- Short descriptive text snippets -
- - - - -

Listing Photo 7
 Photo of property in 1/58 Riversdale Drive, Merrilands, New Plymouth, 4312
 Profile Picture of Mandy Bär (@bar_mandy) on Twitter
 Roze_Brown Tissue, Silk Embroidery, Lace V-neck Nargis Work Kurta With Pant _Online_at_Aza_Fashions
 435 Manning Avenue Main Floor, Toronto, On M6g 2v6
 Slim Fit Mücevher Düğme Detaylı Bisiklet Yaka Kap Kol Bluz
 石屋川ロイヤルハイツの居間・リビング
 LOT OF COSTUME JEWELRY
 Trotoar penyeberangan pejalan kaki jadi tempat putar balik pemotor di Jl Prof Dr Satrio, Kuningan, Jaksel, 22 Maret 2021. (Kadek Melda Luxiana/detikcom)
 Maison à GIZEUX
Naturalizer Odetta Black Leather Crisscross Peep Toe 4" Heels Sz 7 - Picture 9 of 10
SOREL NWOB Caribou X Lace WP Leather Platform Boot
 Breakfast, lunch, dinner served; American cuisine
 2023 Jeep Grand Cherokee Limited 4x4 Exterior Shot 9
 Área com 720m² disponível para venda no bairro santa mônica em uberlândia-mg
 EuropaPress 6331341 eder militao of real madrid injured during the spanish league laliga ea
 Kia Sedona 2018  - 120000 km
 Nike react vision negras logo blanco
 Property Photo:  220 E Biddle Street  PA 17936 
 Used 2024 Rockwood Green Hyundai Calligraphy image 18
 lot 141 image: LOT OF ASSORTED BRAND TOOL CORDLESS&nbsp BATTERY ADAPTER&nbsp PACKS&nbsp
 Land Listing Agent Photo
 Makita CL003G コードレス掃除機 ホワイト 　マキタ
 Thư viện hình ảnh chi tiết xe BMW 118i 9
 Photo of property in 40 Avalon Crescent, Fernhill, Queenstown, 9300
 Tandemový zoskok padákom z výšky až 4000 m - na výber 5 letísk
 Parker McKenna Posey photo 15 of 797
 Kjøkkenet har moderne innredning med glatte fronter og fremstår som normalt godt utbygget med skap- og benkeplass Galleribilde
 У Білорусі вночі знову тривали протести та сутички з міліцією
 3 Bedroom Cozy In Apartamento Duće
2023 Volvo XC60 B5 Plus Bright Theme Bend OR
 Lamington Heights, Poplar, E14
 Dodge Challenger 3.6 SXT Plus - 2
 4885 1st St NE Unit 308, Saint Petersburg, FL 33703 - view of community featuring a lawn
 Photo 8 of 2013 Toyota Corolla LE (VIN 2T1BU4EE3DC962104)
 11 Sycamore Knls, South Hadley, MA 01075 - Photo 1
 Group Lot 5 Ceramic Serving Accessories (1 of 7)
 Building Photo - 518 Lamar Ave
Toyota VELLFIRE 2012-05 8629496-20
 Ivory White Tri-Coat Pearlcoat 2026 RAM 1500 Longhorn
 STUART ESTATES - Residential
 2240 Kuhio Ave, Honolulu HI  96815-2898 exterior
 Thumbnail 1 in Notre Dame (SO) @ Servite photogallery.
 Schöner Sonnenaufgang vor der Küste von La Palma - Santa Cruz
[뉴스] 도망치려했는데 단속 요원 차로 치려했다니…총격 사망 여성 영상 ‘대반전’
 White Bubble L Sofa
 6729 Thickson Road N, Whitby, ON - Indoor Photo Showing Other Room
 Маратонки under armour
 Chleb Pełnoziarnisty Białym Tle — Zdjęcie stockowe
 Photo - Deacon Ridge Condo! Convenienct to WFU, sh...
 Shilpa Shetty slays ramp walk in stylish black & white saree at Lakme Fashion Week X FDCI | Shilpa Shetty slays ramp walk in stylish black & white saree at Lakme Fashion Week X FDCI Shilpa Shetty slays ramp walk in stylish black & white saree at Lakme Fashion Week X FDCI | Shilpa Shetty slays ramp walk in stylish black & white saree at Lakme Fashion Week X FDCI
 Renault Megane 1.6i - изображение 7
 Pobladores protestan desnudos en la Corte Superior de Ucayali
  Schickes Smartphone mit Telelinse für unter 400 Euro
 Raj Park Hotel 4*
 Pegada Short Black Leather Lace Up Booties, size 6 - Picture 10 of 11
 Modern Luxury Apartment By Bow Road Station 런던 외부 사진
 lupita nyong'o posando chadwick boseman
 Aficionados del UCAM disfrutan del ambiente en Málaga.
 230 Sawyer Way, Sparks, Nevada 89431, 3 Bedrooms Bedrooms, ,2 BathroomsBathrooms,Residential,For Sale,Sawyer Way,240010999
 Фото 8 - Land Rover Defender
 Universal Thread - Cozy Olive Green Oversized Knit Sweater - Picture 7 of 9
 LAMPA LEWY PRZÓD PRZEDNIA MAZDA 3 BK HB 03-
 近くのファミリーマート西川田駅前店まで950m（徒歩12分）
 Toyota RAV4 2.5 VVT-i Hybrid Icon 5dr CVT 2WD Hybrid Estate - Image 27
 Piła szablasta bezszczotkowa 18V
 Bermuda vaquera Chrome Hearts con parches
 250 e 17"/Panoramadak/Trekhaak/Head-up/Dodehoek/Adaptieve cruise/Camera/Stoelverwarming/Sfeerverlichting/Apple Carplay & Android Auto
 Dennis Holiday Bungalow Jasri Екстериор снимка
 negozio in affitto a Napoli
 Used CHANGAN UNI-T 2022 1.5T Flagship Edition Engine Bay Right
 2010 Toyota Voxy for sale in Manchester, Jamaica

- - - - -

- Directions -
Look above for the line holding "Área com 720m²" and the line holding "Toyota VELLFIRE 2012-05 8629496-20". Retype both, and every line between them, word for word and nothing else.

- Written solution -
 Área com 720m² disponível para venda no bairro santa mônica em uberlândia-mg
 EuropaPress 6331341 eder militao of real madrid injured during the spanish league laliga ea
 Kia Sedona 2018  - 120000 km
 Nike react vision negras logo blanco
 Property Photo:  220 E Biddle Street  PA 17936 
 Used 2024 Rockwood Green Hyundai Calligraphy image 18
 lot 141 image: LOT OF ASSORTED BRAND TOOL CORDLESS&nbsp BATTERY ADAPTER&nbsp PACKS&nbsp
 Land Listing Agent Photo
 Makita CL003G コードレス掃除機 ホワイト 　マキタ
 Thư viện hình ảnh chi tiết xe BMW 118i 9
 Photo of property in 40 Avalon Crescent, Fernhill, Queenstown, 9300
 Tandemový zoskok padákom z výšky až 4000 m - na výber 5 letísk
 Parker McKenna Posey photo 15 of 797
 Kjøkkenet har moderne innredning med glatte fronter og fremstår som normalt godt utbygget med skap- og benkeplass Galleribilde
 У Білорусі вночі знову тривали протести та сутички з міліцією
 3 Bedroom Cozy In Apartamento Duće
2023 Volvo XC60 B5 Plus Bright Theme Bend OR
 Lamington Heights, Poplar, E14
 Dodge Challenger 3.6 SXT Plus - 2
 4885 1st St NE Unit 308, Saint Petersburg, FL 33703 - view of community featuring a lawn
 Photo 8 of 2013 Toyota Corolla LE (VIN 2T1BU4EE3DC962104)
 11 Sycamore Knls, South Hadley, MA 01075 - Photo 1
 Group Lot 5 Ceramic Serving Accessories (1 of 7)
 Building Photo - 518 Lamar Ave
Toyota VELLFIRE 2012-05 8629496-20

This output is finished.